After APIs are ready, let's talk about data model. We have two entities, video and user. One user can have multiple videos and one video can only belong to one user.

High Level Design

Before we jump into the high level design, we need to have workflows in mind.

upload video
- user upload video, once the upload is done, create a job and put it into the video post processing queue and return the job id to client for future progress checking
- our service picks up job from the queue and conducts a serise processing, e.g. check duplication, compression
- once post-processign is done, persist video in object storage (e.g. AWS S3 bucket)
- persist video metadata (including video URL in S3 bucket)
watch video
- user sends request to access a video by videoID
- server return the URL of the requested video

Now, let's consider the database for user info and video metadata. Considering the scalability requirement of our service and relatively simple data model, I'm going to use NoSQL database, more specifically, AWS DynamoDB for our user info and video metadata. Using AWS S3 as the video storage.

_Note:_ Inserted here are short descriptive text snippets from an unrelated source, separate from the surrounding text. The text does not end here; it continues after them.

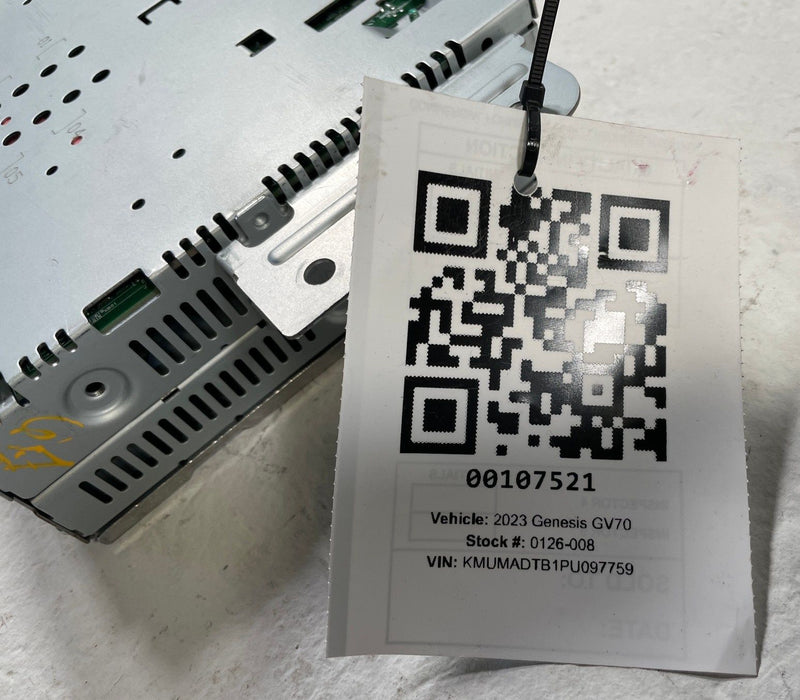 Load image into Gallery viewer, 2022 - 2023 GENESIS GV70 AUDIO RADIO RECIEVER MODULE HEAD UNIT 2.5L # 107521
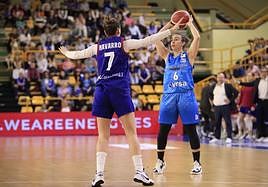 El partido entre el CB Avenida y el Barça CBS, en imágenes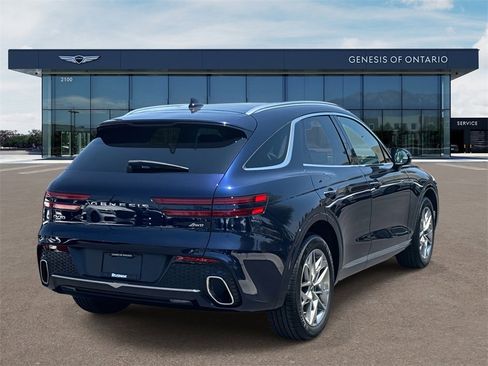 Used 2025 Genesis GV70 2.5T Select w/ Select Package image 4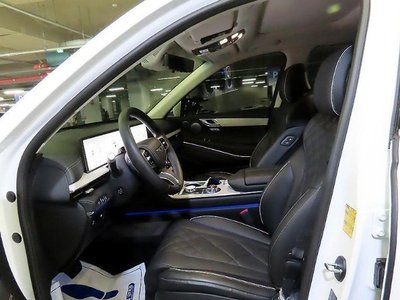 2025 Genesis GV80 photo 7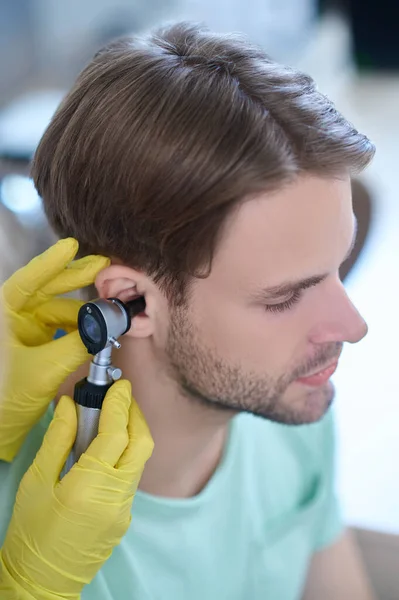 Oreilles de jeunes patients examinées avec un auriscope — Photo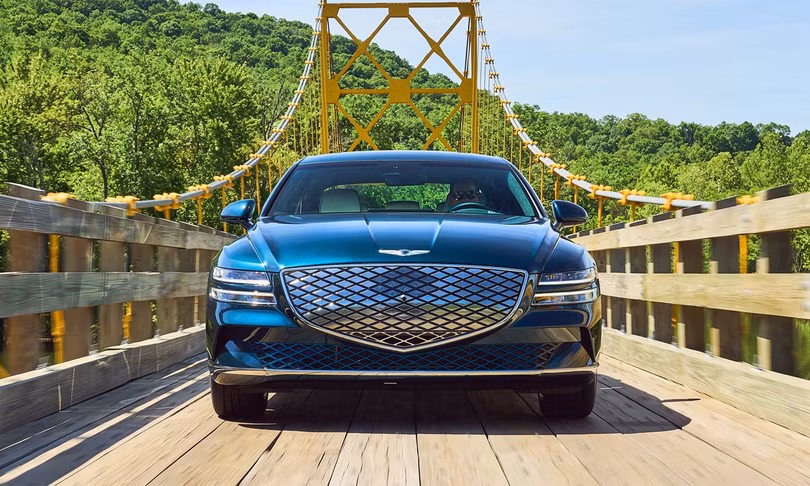 Genesis G80 EV - xe sang chạy điện giá 79.900 USD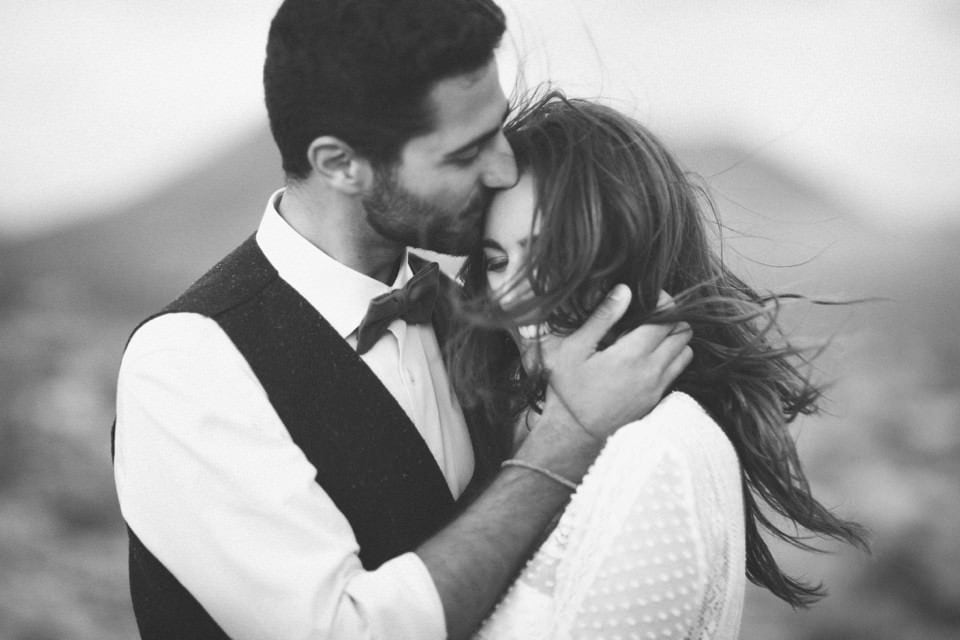 Romantisches Hochzeitsfoto eines Paares, Naturkulisse, in Schwarz-Weiß aufgenommen.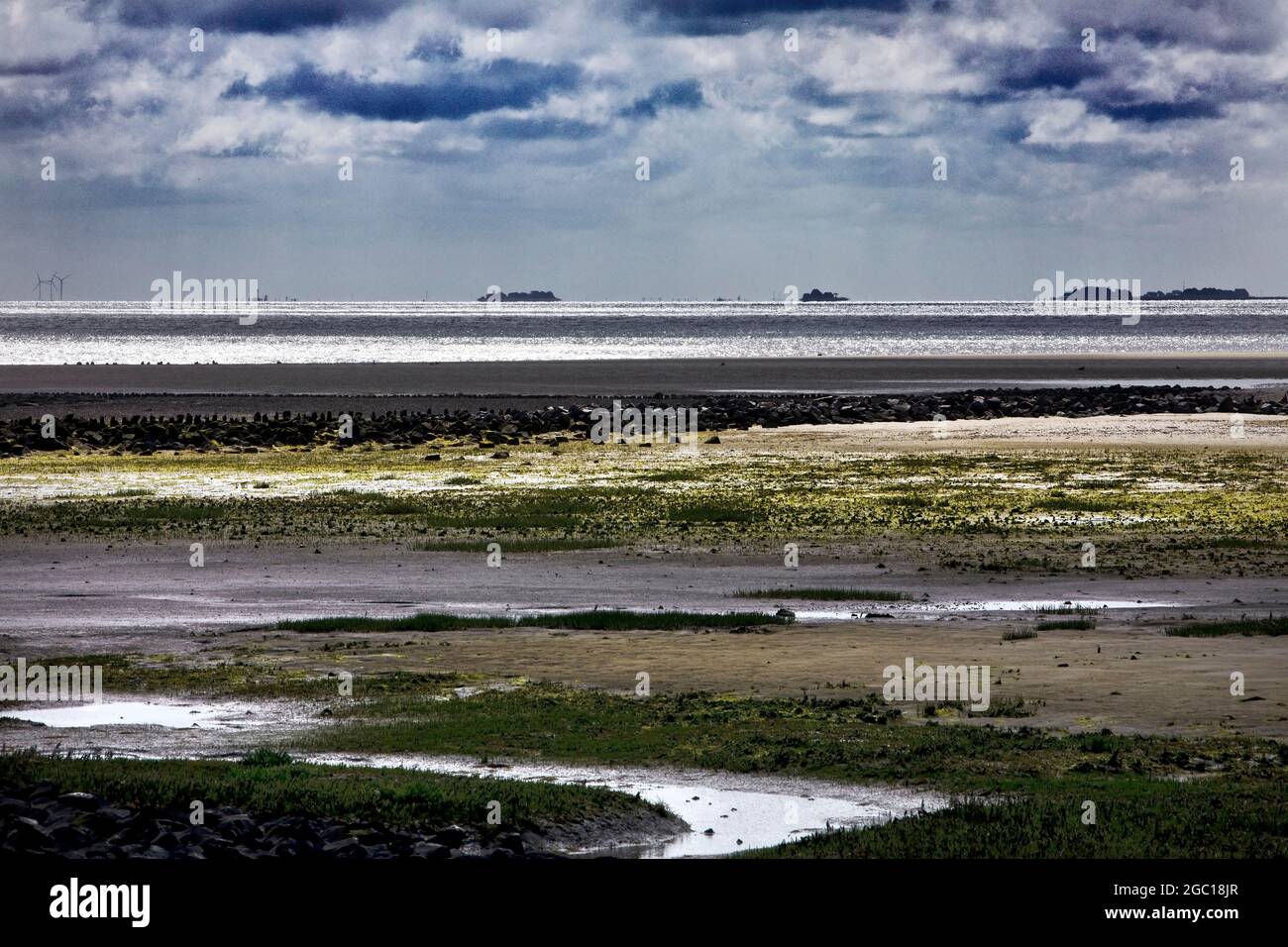 Blick auf das Wattenmeer der Nordsee mit und Hallig Langeness am Horizont mit dramatischer Atmosphäre, Deutschland, Schleswig-Holstein, Amrum Stockfoto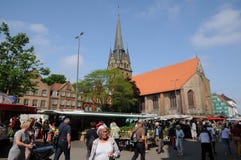 VIDA DIARIA DE LAS COMPRAS EN FLENSBURG-FLENSBORG imágenes de archivo libres de regalías VIDA DIARIA DE LAS COMPRAS EN FLENSBURG-FLENSBORG imágenes de archivo libres de regalías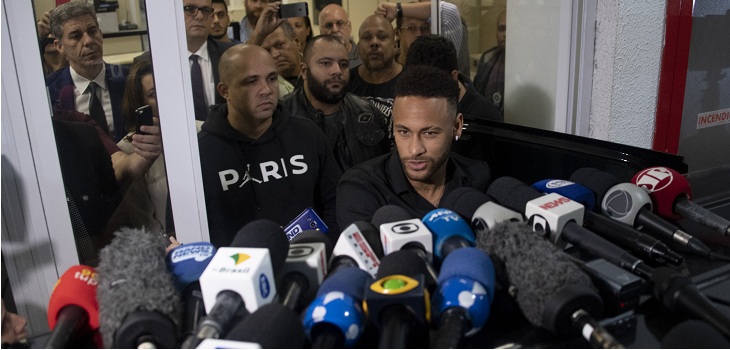 Neymar declaró por divulgación de imágenes íntimas de joven brasileña que lo acusa de violación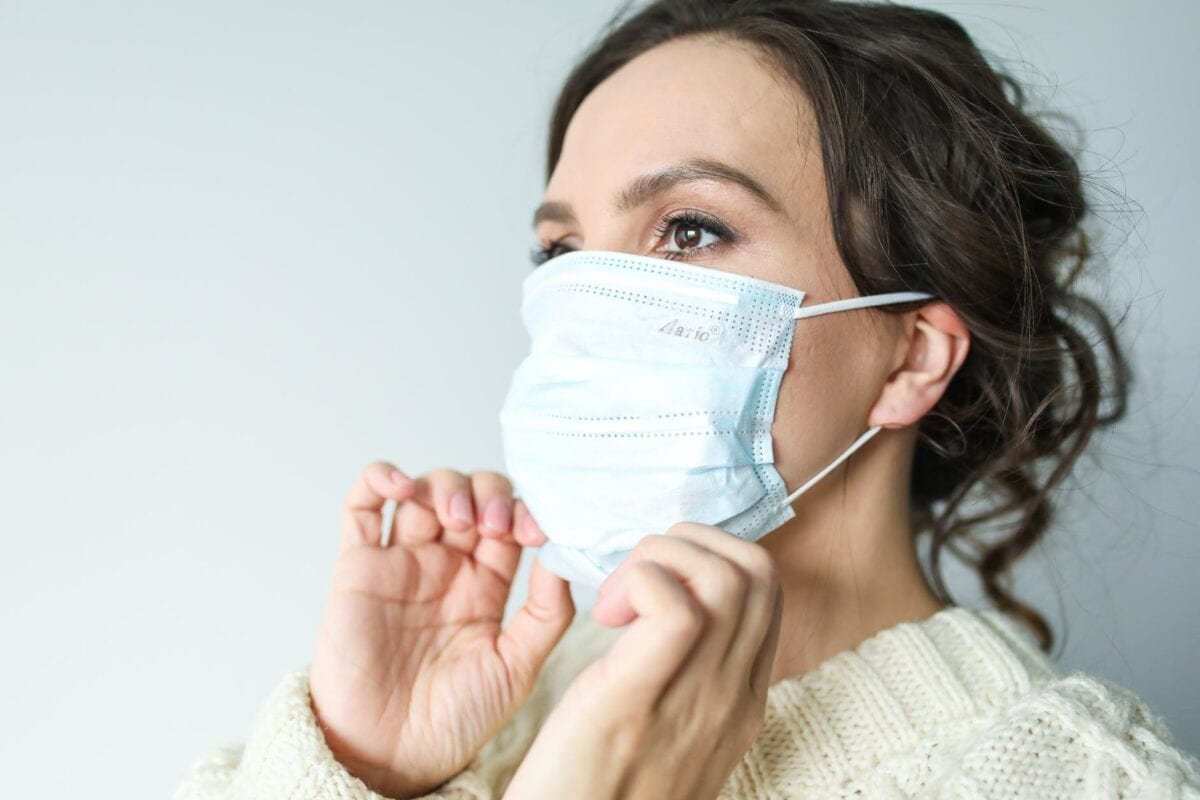 This Is When You Need To Get Tested For The Coronavirus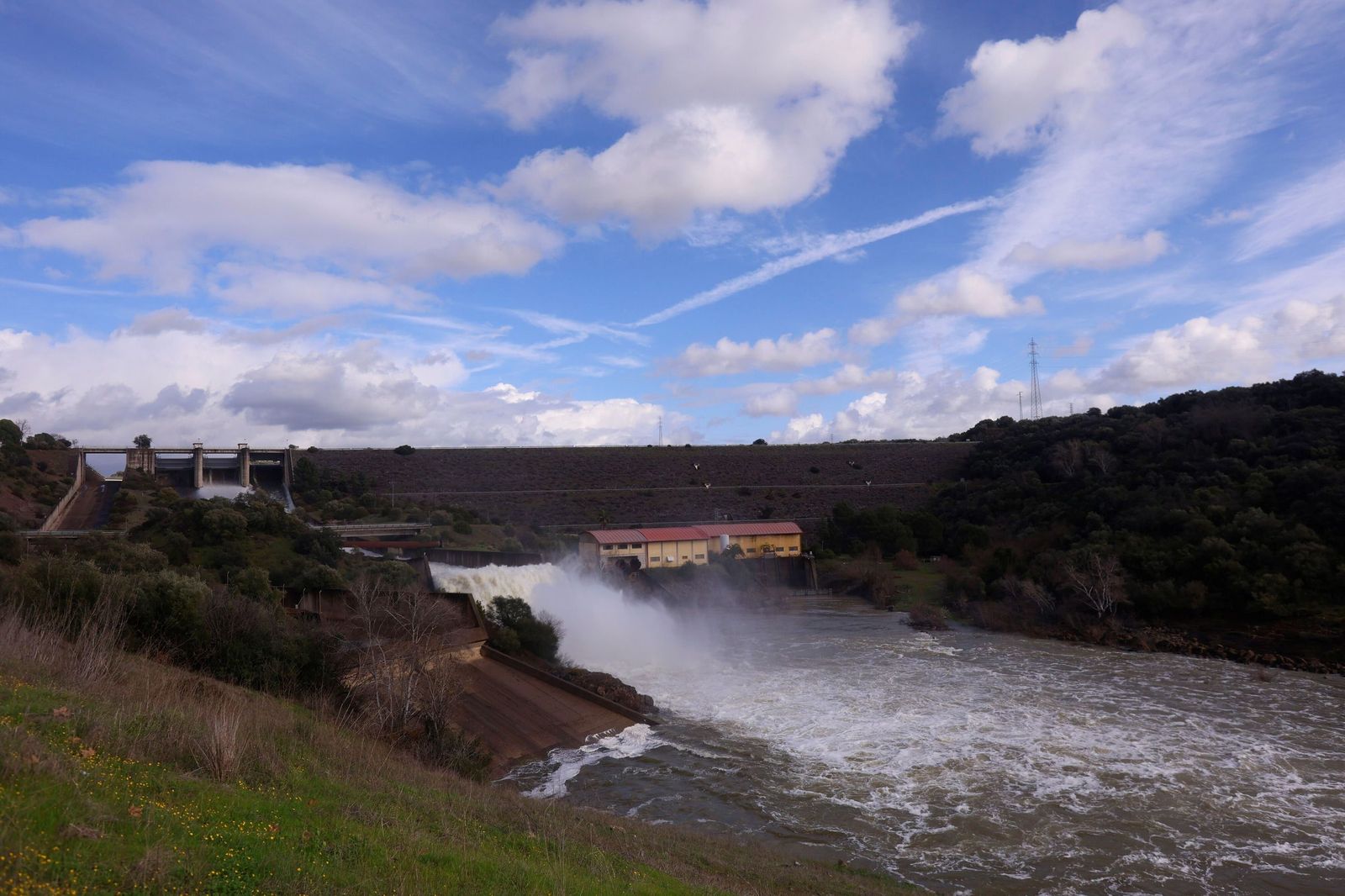 Las espectaculares imágenes del desembalse de San Rafael de Navallana en Córdoba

Designing schema for NoSQL database is quite different from that of SQL database. In SQL schema, we first identify entites, denormalize them and put into tables. The relation between entities is expressed through foreign keys and the query flexibility is provided by SQL query language.

For NoSQL database, especially DynamoDB, we first identify access patterns. And then, design database schema and denormalize data if it's necessary. DynamoDB provides excellent scalability at the the cost of less access flexibility. DynamoDB recommends putting all entites into one table with carefully designed partition key and optional sort key. In case we want to support new access pattern in future, we can add GSI (Global Secondary Index) to DynamoDB, we do have flexibility to some extent.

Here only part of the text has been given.